What a bizarre, backwards, prudish country we live in.
A video game that encourages violence and bloody murder is fine, but introduce a sex scene and parents go ballistic. The same thing happens with film:
An explicit sex scene involving two men and a woman in Canadian director Atom Egoyan’s latest movie is expected to earn the film a prohibitive rating in the U.S. that, if sustained, will “severely limit” its box office there, Mr. Egoyan predicted yesterday.
The Classification and Ratings Administration of the powerful Motion Picture Association of America plans to reveal its official rating of Mr. Egoyan’s Where the Truth Lies no later than tomorrow. But given what Mr. Egoyan calls “the very conservative climate in America,” he and the film’s North American distributor, Toronto-based ThinkFilm Inc., “strongly suspect” it will be rated NC-17. This means no one 17 years of age or under in the U.S. will be allowed admission, even if accompanied by a parent or legal guardian.
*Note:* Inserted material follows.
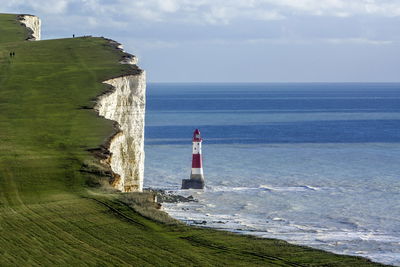 Lighthouse amidst sea and buildings against sky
While Where the Truth Lies has some tough violence, nudity, lesbian encounters and drug-taking, it is a sex scene involving stars Colin Firth and Kevin Bacon and the film’s female lead, 29-year-old Rachel Blanchard, that seems to be giving U.S. adjudicators trouble — something U.S. observers told Mr. Egoyan he might expect after the movie’s world premiere in May at the Cannes film festival.
“I guess I’m naive; I really had no idea it would be a problem,” the director said at that time.
Now, here’s a question: are film ratings some kind of law, or are they just industry self-regulation? I mean, it’s like TV ratings — no one is going to bust into your house and arrest you (yet) if you let your kids watch a TV-M program.
Here’s what I’d love to do: own my own movie theatre, and screw those stupid censors. If a film was filled with violent images, I wouldn’t let any kids in under, say, 40. And if there was sex, well, assuming it was consensual and loving, what’s wrong with that?